Since I'm feeling generous, here's an adjoint function:

function B=adj(A)

n=size(A,1); d=1:n-1;
B=zeros(n);

AA=[A,A;A,A]';

for j=1:n
for k=1:n
B(j,k)=(-1)^(j+k)*det(AA(j+d,k+d));
end
end

Don't use this for big matrices!

HTH,

Greg

[Roger Stafford]

In article <ef43...@webcrossing.raydaftYaTP>, "Greg von Winckel"
<greg...@mathDEL.unmDEL.edu> wrote:

> I see. I'd guess the reason there is not a Matlab function is that it
> would really only be useful for checking linear algebra homework.
>
> Since I'm feeling generous, here's an adjoint function:
>
> function B=adj(A)
>
> n=size(A,1); d=1:n-1;
> B=zeros(n);
>
> AA=[A,A;A,A]';
>
> for j=1:n
> for k=1:n
> B(j,k)=(-1)^(j+k)*det(AA(j+d,k+d));
> end
> end
>
> Don't use this for big matrices!
>
> HTH,
>
> Greg

-----------------------
Greg, if you leave out the factor (-1)^(j+k), you'll have it right.

Roger Stafford

[Greg von Winckel]

Doh!

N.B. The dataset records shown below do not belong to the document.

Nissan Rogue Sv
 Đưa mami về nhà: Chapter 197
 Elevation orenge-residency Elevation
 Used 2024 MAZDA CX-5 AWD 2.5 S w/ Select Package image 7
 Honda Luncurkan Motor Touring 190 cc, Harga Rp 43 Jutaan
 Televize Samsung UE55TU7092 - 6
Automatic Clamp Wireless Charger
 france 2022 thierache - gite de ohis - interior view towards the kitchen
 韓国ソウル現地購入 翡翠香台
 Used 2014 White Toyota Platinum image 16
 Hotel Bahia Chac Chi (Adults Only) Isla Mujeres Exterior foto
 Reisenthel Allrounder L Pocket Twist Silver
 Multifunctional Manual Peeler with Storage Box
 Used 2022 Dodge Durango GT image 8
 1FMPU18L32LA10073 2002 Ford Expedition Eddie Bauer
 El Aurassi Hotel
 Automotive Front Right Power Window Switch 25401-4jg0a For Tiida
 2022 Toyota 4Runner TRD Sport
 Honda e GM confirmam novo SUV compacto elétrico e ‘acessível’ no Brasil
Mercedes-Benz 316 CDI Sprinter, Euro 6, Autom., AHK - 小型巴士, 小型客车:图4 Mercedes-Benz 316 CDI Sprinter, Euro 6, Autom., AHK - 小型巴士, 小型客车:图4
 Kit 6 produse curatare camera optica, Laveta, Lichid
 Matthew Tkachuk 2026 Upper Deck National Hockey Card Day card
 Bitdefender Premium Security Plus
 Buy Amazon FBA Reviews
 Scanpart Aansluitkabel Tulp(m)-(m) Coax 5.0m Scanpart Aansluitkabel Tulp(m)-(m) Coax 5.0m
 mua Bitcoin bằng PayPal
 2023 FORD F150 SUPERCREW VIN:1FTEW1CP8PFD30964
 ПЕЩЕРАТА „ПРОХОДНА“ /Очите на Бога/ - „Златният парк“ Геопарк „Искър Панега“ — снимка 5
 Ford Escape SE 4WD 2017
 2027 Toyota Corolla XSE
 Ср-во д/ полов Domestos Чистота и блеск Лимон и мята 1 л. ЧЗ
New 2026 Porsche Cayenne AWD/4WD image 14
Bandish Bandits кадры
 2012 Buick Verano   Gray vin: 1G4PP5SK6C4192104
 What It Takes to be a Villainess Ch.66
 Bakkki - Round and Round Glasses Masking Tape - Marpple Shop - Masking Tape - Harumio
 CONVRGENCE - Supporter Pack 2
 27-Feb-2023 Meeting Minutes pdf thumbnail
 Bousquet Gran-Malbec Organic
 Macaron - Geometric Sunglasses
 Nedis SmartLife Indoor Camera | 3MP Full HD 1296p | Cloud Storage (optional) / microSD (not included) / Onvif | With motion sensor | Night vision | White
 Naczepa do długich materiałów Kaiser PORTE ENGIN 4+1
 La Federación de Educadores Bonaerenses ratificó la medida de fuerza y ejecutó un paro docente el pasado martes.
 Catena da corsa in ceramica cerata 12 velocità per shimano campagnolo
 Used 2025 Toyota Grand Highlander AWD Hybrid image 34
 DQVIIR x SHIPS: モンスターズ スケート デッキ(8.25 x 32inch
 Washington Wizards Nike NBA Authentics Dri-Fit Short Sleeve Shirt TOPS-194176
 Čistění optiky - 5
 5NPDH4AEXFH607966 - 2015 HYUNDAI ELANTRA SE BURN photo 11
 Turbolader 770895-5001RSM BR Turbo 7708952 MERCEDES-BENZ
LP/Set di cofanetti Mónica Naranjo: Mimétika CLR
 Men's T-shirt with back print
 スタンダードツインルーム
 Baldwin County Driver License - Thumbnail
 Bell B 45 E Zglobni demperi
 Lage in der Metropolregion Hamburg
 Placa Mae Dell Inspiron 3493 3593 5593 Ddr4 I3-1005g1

I'm not sure how I left that in there. Thanks, Roger. Here is
the correction:

function B=adj(A)

n=size(A,1); d=1:n-1;
B=zeros(n); AA=[A,A;A,A]';

for j=1:n
for k=1:n

B(j,k)=det(AA(j+d,k+d));
end
end

Still, let me re-emphasize that this is only useful as an educational
aid.

[Jos]

The word adjoint is ambiguous. The above is also known as the
adjugate of matrix A. Formally, the adjoint is the same as the
conjugate transpose of A.

B = A.' ; % adjoint

B = det(A) * inv(A) ; % adjugate, for square invertible matrices

hth
Jos

[Greg von Winckel]

That does seem a better name. Sadly it never came up in any of my
classes. "Adjoint" is ambiguous by itself, but usually pretty clear
from context. In most of my classes the conjugate transpose was
called "Hermitian conjugate" whereas the adjugate was only ever
mention in control systems classes, never in math classes.

[Jos]

Jos wrote:
<SNIP ... adjoint adjugate

> B = A.' ; % adjoint

should be B = A' of course ...

Jos

[David Scott]

> The word adjoint is ambiguous. The above is also known as the
> adjugate of matrix A. Formally, the adjoint is the same as the
> conjugate transpose of A.
>
> B = A.' ; % adjoint
>
> B = det(A) * inv(A) ; % adjugate, for square invertible matrices
>
> hth
> Jos

I should have thought of this myself. In the very chapter I'm
studying I learned that,

inv(A) = 1/det(A) * adj(A)

(in fact, this is why I'm computing adj(A) in the first place, but
I'm doing it by hand and want to be able to check it with Matlab)

I guess it makes sense that,

adj(A) = det(A) * inv(A)

Thanks.

[Greg von Winckel]

That is the case when A is nonsingular. However, adj(A) will always
exist even if inv(A) does not.

-Greg

[Roger Stafford]

In article <ef43...@webcrossing.raydaftYaTP>, "Greg von Winckel"
<greg...@mathDEL.unmDEL.edu> wrote:

> That is the case when A is nonsingular. However, adj(A) will always
> exist even if inv(A) does not.
>
> -Greg

---------------------
I believe the 'svd' function can be used to find the adjoint (or
adjugate) of a square matrix A even if it is not invertible. This method
avoids having to tediously compute n^2 different n-1 x n-1 cofactor
determinants.

n = size(A,1);
[u,s,v] = svd(A);
s = diag(s);
ix = toeplitz(ones(n-1,1),[1 zeros(1,n-1)])+repmat((1:n-1)',1,n);
B = v*diag(prod(reshape(s(ix),n-1,n)))*u'/det(v*u'); % B = adj(A)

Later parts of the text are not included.